There is irrefutable evidence from Barents and Chukchi Sea subpopulations, among others, that polar bears are fat and reproducing well despite marked declines in summer sea ice over the last two decades. These indicators of physical and reproductive health, in any species, are signs of thriving populations. However, these facts negate the premise that polar bears require abundant summer sea ice to flourish, and that creates a problem for polar bear specialists who continue to make that claim (Amstrup et al. 2007; Crockford 2017, 2019).

Enormously fat Chukchi Sea polar bear, USFWS.

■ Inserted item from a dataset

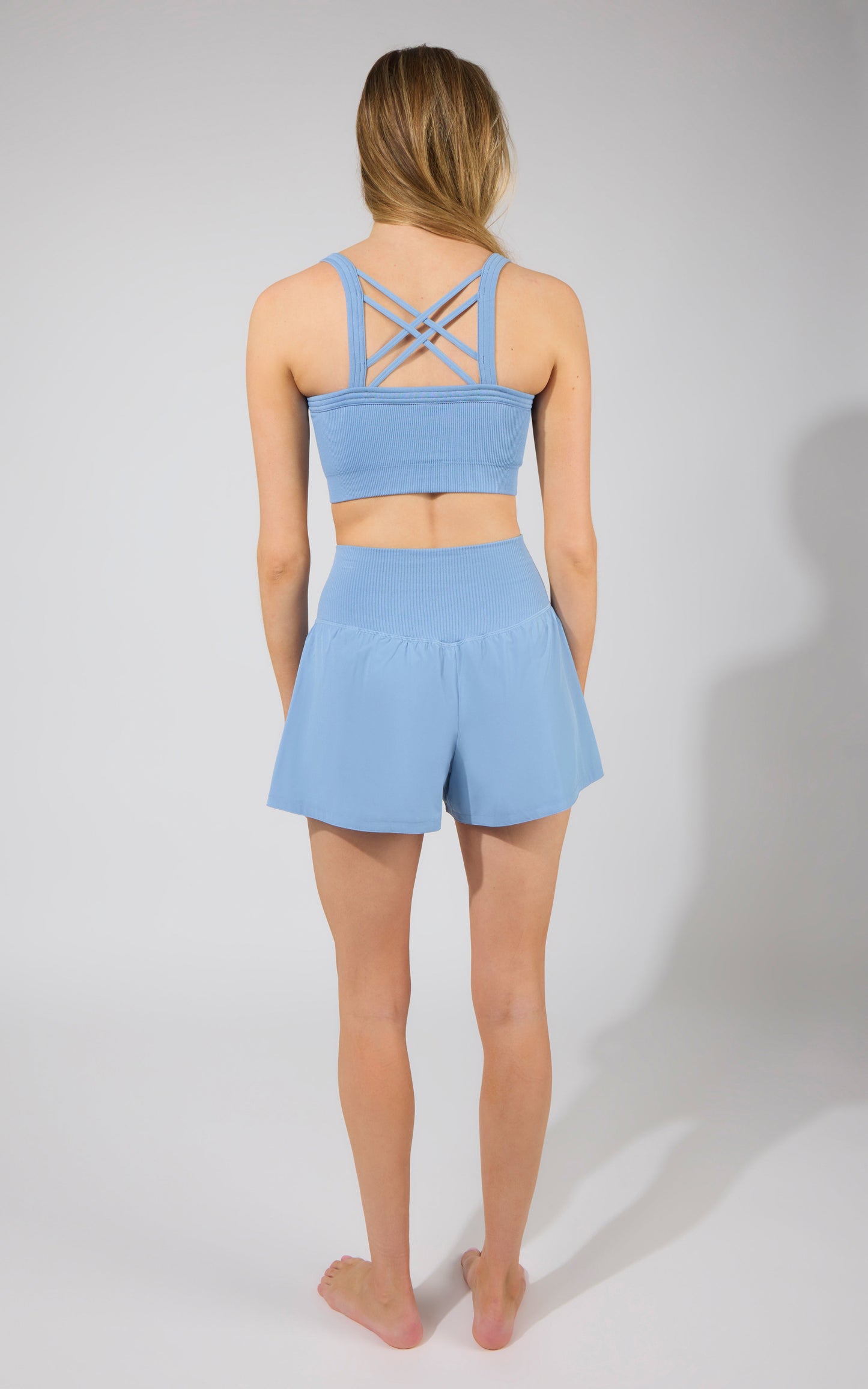 90 Degree by Reflex Strappy Back Bra Tank & Short Set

In other words, the assessment that polar bears are currently thriving is not based solely on estimates of a slight increase in global population size but on published data gathered from field studies on the bears’ physical and reproductive health.

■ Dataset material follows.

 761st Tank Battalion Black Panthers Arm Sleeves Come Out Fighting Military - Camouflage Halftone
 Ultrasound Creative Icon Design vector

Oddly, biologists repeatedly turn to data from Western Hudson Bay to drive home to the public their preferred message that polar bear health and abundance are being negatively affected by recent summer sea ice declines. However, they fail to mention that robust field data from many other regions, including the Barents and Chukchi Seas, support the opposite conclusion. Moreover, wherever possible, they mumble under their breath (or leave out entirely) the fact that poor ice conditions could not be blamed for a 27% decline in polar bear numbers in Western Hudson Bay since 2016 — because their own data showed sea ice conditions had been strong!